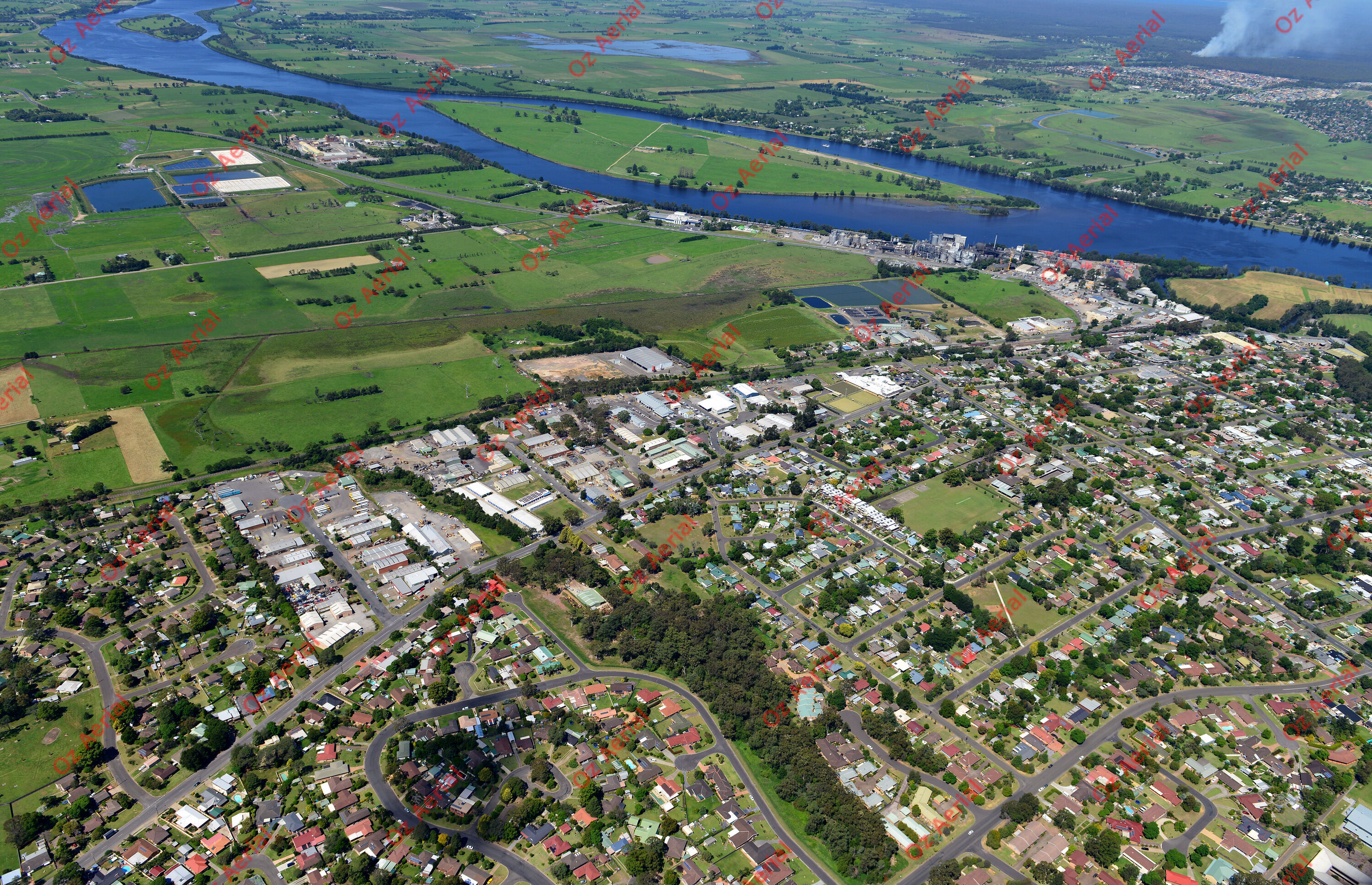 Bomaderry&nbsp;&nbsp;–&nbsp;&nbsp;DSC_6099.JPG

═══

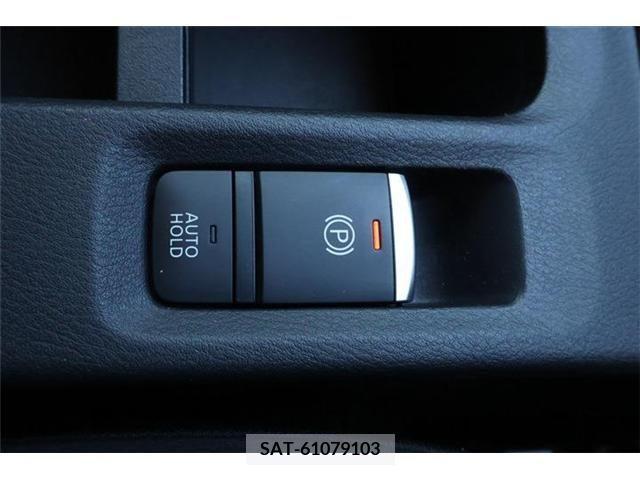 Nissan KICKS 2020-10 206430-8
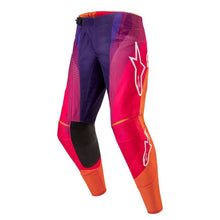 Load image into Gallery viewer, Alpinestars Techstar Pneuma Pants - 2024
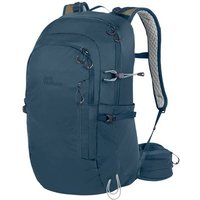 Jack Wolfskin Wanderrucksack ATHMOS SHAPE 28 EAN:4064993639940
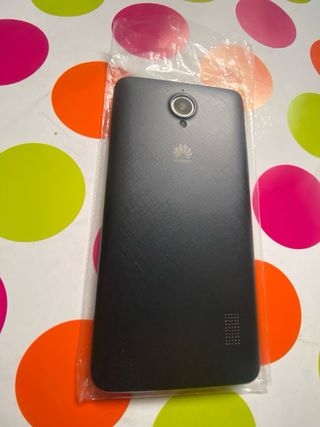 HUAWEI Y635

═══

In the records above, find the line containing "Nissan KICKS 2020-10 206430-8" and the line containing "HUAWEI Y635", then give both of them again word for word along with every line between. Omit any pictures.

◆ Result below
 Nissan KICKS 2020-10 206430-8
 Load image into Gallery viewer, Alpinestars Techstar Pneuma Pants - 2024
 Jack Wolfskin Wanderrucksack ATHMOS SHAPE 28 EAN:4064993639940
 HUAWEI Y635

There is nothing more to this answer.